■ EXERCISE DESCRIPTION
Would you please transcribe, exactly as written, the lines of the entries below starting at the one that holds "Dwarf Mini Smart" and ending at the one that holds "ﬁent; ils sont spécialc", both included?

■ STUDY MATERIAL
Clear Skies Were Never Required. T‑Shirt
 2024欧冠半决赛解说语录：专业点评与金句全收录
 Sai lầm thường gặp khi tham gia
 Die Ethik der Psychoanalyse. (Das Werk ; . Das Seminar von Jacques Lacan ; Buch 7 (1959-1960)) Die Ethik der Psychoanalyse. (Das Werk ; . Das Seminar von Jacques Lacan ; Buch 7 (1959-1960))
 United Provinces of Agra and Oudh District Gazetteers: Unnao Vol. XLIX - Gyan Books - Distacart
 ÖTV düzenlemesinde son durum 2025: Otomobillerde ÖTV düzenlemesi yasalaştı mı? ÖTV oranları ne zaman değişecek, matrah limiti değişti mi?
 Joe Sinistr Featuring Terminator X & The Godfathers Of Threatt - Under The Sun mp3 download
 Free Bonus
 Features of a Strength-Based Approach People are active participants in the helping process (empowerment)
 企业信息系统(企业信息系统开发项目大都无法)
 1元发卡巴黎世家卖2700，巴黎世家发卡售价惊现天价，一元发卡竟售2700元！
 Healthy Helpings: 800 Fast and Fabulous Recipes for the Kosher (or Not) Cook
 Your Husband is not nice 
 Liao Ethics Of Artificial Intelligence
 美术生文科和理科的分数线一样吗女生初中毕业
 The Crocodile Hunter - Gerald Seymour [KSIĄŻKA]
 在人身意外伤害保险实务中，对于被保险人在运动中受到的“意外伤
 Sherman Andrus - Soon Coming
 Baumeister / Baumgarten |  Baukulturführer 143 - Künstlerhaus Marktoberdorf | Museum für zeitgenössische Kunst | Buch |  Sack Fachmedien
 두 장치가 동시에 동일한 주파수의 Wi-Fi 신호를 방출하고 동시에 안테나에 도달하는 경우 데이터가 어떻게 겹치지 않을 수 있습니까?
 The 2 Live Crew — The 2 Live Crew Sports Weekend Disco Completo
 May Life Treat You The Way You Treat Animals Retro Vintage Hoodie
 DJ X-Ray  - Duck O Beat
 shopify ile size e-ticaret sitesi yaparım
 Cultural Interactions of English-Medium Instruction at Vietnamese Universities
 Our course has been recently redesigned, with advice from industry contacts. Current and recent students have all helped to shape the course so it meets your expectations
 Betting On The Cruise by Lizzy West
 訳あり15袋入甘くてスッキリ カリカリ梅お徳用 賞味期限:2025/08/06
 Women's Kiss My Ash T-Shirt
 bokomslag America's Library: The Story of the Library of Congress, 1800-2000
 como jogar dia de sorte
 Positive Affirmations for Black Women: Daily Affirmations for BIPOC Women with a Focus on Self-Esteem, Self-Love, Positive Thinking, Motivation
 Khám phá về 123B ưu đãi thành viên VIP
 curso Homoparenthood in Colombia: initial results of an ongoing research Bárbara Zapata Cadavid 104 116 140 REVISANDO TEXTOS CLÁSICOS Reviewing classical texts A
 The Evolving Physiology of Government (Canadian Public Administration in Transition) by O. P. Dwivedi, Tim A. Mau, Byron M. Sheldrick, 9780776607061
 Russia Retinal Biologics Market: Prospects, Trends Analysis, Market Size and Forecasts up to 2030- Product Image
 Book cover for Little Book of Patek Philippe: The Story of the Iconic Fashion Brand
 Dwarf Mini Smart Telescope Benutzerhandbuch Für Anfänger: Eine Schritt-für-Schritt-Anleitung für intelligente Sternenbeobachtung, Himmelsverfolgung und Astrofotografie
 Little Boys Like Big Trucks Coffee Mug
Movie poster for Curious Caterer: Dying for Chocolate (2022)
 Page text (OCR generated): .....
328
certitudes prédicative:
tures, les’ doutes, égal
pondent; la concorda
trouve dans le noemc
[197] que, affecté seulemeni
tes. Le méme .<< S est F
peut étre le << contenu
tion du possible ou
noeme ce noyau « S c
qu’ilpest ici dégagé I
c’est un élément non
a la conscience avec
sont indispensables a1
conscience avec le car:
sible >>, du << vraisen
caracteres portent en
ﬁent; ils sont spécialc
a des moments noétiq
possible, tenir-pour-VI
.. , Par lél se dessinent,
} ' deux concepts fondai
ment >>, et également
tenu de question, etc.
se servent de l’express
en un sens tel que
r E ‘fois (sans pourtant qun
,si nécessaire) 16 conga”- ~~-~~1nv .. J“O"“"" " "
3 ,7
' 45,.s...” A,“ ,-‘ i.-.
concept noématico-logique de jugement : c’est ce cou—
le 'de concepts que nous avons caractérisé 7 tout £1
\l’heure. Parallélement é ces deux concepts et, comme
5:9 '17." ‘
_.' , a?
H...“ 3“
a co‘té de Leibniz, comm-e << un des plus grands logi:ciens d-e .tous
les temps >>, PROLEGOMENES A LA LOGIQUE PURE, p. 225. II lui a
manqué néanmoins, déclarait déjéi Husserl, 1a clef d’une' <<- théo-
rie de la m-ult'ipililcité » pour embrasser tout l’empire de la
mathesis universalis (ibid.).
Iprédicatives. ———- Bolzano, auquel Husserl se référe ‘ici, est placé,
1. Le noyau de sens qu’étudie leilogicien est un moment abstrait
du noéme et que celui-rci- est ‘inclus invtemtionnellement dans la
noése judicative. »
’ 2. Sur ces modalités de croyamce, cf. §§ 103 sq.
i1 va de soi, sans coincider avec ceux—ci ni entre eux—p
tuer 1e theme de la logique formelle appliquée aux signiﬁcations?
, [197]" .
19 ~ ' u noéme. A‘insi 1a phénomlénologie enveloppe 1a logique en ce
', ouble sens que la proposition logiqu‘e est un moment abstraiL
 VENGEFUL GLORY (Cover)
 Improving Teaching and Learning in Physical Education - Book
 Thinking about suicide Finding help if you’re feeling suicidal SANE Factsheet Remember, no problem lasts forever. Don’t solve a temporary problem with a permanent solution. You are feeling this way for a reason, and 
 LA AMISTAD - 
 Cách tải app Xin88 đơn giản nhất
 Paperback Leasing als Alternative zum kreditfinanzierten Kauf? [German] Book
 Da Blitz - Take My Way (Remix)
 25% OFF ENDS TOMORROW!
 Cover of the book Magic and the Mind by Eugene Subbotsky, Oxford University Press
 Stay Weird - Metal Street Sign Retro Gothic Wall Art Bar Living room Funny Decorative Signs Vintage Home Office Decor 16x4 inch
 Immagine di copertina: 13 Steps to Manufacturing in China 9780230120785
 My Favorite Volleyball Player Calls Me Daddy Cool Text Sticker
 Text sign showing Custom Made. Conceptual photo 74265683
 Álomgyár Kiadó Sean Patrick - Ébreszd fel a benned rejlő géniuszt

■ FINAL ANSWER
 Dwarf Mini Smart Telescope Benutzerhandbuch Für Anfänger: Eine Schritt-für-Schritt-Anleitung für intelligente Sternenbeobachtung, Himmelsverfolgung und Astrofotografie
 Little Boys Like Big Trucks Coffee Mug
Movie poster for Curious Caterer: Dying for Chocolate (2022)
 Page text (OCR generated): .....
328
certitudes prédicative:
tures, les’ doutes, égal
pondent; la concorda
trouve dans le noemc
[197] que, affecté seulemeni
tes. Le méme .<< S est F
peut étre le << contenu
tion du possible ou
noeme ce noyau « S c
qu’ilpest ici dégagé I
c’est un élément non
a la conscience avec
sont indispensables a1
conscience avec le car:
sible >>, du << vraisen
caracteres portent en
ﬁent; ils sont spécialc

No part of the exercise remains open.